Start of GIVEN DATA
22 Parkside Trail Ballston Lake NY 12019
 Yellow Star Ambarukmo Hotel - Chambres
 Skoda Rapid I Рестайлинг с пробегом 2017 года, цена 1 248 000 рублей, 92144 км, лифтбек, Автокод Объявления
End of GIVEN DATA
- _EXERCISE DESCRIPTION_:
Print the material exactly as written, omitting nothing.

- _SOLUTION_:
22 Parkside Trail Ballston Lake NY 12019
 Yellow Star Ambarukmo Hotel - Chambres
 Skoda Rapid I Рестайлинг с пробегом 2017 года, цена 1 248 000 рублей, 92144 км, лифтбек, Автокод Объявления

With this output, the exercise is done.